In meinem Xing ProJobs Webinar „Mit cleveren Antworten und klugen Fragen durchs Bewerbungsgespräch“ habe ich erklärt, dass es in einem Bewerbungsgespräch darauf ankommt, clever zu antworten, ruhig und souverän zu bleiben. Und dass es genauso auf die eigenen Fragen ankommt, vor allem um eine gute Entscheidungsbasis zu bekommen. Da es rund um das Bewerbungsgespräch viel zu berichten gibt, konnte ich nicht alle Fragen der Teilnehmenden innerhalb der Seminarzeit klären. In diesem Beitrag möchte ich auf einige offen gebliebene Fragen eingehen. Weitere Fragen beantworte ich in meinem nächsten Artikel.

>> Was ist mit grenzwertigen Fragen?

Zu den grenzwertigen Fragen gehören Fragen wie: „Wie werden Sie den Spagat zwischen Arbeit und Muttersein hinbekommen?“, „Kommen Sie aus einem akademischen Elternhaus?“, „Haben Sie Familienangehörige, die Sie pflegen müssen?“, „Haben Sie Allergien?“. Bevor Sie schnell eine Antwort auf solche Fragen geben, plädiere ich für kurzes Innehalten.

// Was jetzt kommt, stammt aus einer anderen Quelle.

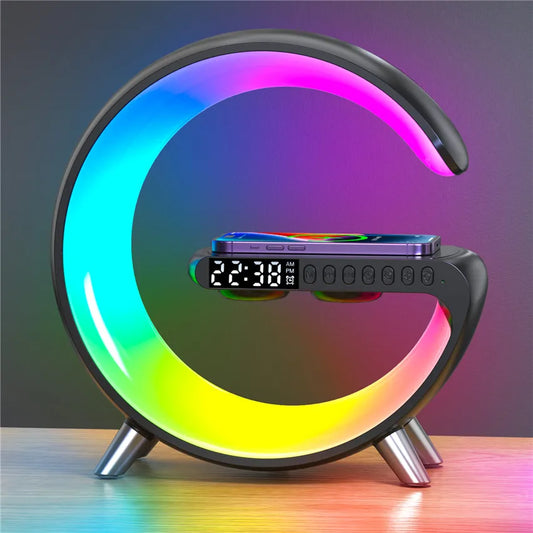 Original Big G APP Control RGB Light Desk Lamp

Also einfach schweigen und nachdenken. Zum einen sorgt ein kurzes Schweigen dafür, dass Ihr Gegenüber vielleicht doch noch merkt, dass mit der Frage die Grenze des Anständigen überschritten ist. Schweige-Pausen machen nämlich unser Gegenüber unsicher. Und damit geben Sie etwas von der Unsicherheit „zurück“, die bei Ihnen gerade ausgelöst wurde.

Nach dieser Schweige-Pause würde ich empfehlen, statt einer Antwort eine Nachfrage zu stellen. In höflichem Tonfall natürlich: „Könnten Sie mir bitte sagen, inwiefern Ihre Frage und meine Antwort für diese Stelle wichtig ist?“ Lassen Sie sich erklären, was Ihr Gegenüber mit der Frage bezweckt. Will Ihr Gesprächspartner wirklich eine inhaltliche Antwort bekommen? Also tatsächlich wissen, ob Ihre Eltern Akademiker sind? Oder will er Sie nur unter Stress setzen? Ich finde, Sie haben ein Recht darauf, zu wissen, was aus der Antwort geschlussfolgert werden kann, welchen Zweck sie erfüllt.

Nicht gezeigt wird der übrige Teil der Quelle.